All model binaries (.pkl, .onnx, *_xgb.json, *_lgb.txt) are stored on Cloudflare R2, not in Git. The repository contains only code and small metadata JSON files.
Bucket: novosky-models
Current tag: v20260415 (Phase 15)
User lane: pull approved revisions only. Developer lane: push approved revisions after weekly optimization/retraining and announce which tag each profile (1-5) should use.
Credentials are required for both push and pull. The bucket is private — there is no anonymous access. Add CF_R2_ACCESS_KEY_ID and CF_R2_SECRET_ACCESS_KEY to .env before running any r2_hub.py command.
Common commands
# Pull latest models (after a fresh clone or on a new server)
python ml/r2_hub.py --pull
# Pull a profile-specific approved revision (recommended for users)
python ml/r2_hub.py --pull --revision vYYYYMMDD-p3
# Push after a retrain (auto-creates tag vYYYYMMDD)

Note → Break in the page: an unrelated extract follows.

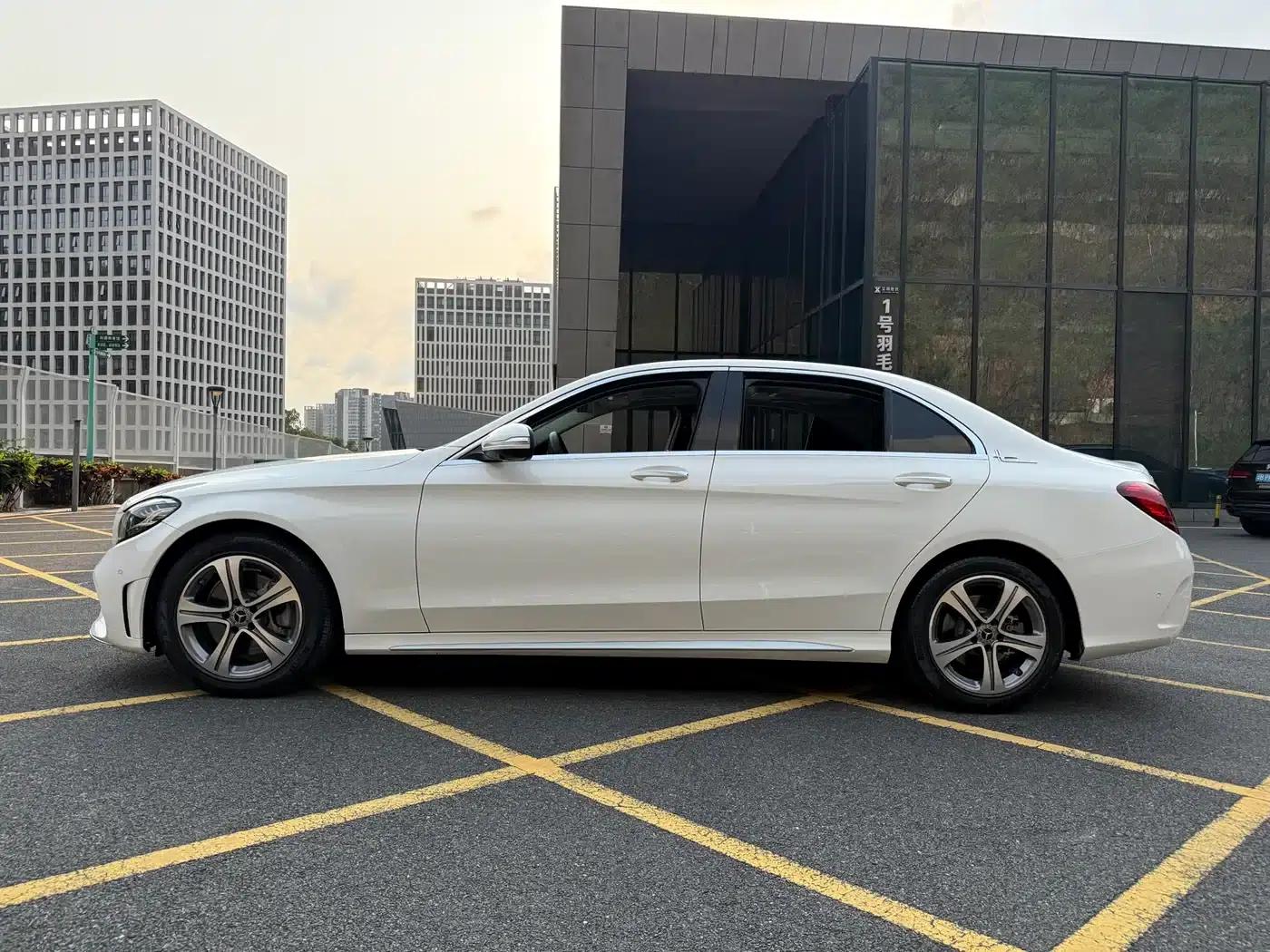 2020 Mercedes-Benz C-Class C 260 L Sport Edition — миниатюра 4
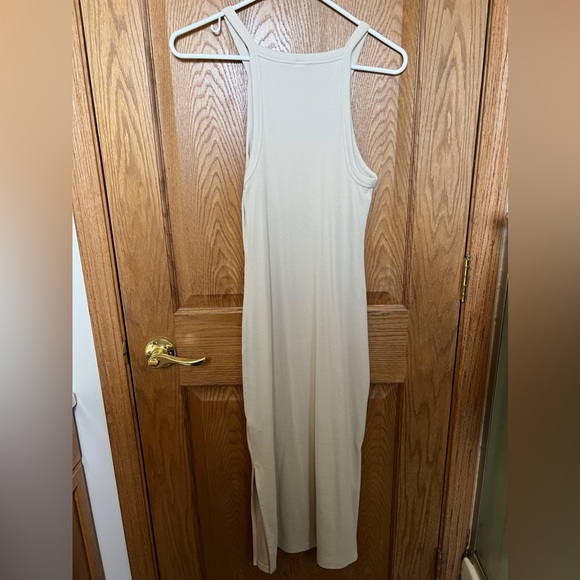 Women’s Midi Dress - Picture 2 of 3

python ml/r2_hub.py --push
# Push directly from the training script
python train_ml_model.py --ensemble --position --push-to-hub
# List all version tags
python ml/r2_hub.py --list
# Roll back to a specific version
python ml/r2_hub.py --pull --revision v20260414
# Create a named tag without uploading new files
python ml/r2_hub.py --tag-only v15-production "Phase 15 validated"
Storage layout
signal/
ensemble_rf.pkl # latest signal model (Random Forest)
ensemble_rf.onnx
ensemble_xgb.json # XGBoost native format
ensemble_lgb.txt # LightGBM native format
ensemble_scaler.pkl
ensemble_btcusd-live_metadata.json
position/
position_rf.pkl # latest position model
position_rf.onnx
position_xgb.json
position_lgb.txt
position_scaler.pkl
position_metadata.json
model_compat.json # latest compatibility manifest
v20260415/ # versioned snapshot (for rollback)
signal/...
position/...
tags/
v20260415.json # version manifest (metadata + accuracy)
What goes where
| Location | What |
|---|
| Cloudflare R2 | *.pkl, *.onnx, *_xgb.json, *_lgb.txt, model_compat.json |
| Git | All Python code, config.json, training datasets (CSV), metadata JSONs |
| Gitignored | .env, model binaries, models/_snapshot_*/, runtime log files |
Auto-pull on startup
The bot automatically pulls models from R2 at startup if models/ensemble_rf.onnx is missing. This is handled by _ensure_models_present() in trading/bot.py. You don’t need to manually pull after a fresh clone — just start the bot.
Rollback procedure
# 1. Pull a specific version
python ml/r2_hub.py --pull --revision v20260414
# 2. Verify compatibility
python3 -c "
import json
mc = json.load(open('models/model_compat.json'))
ml = json.load(open('ml_config.json'))
assert mc['feature_count'] == len(ml['features'])
print('OK:', mc['feature_count'], 'features')
"
# 3. Dry-run to confirm
python trading.py --dry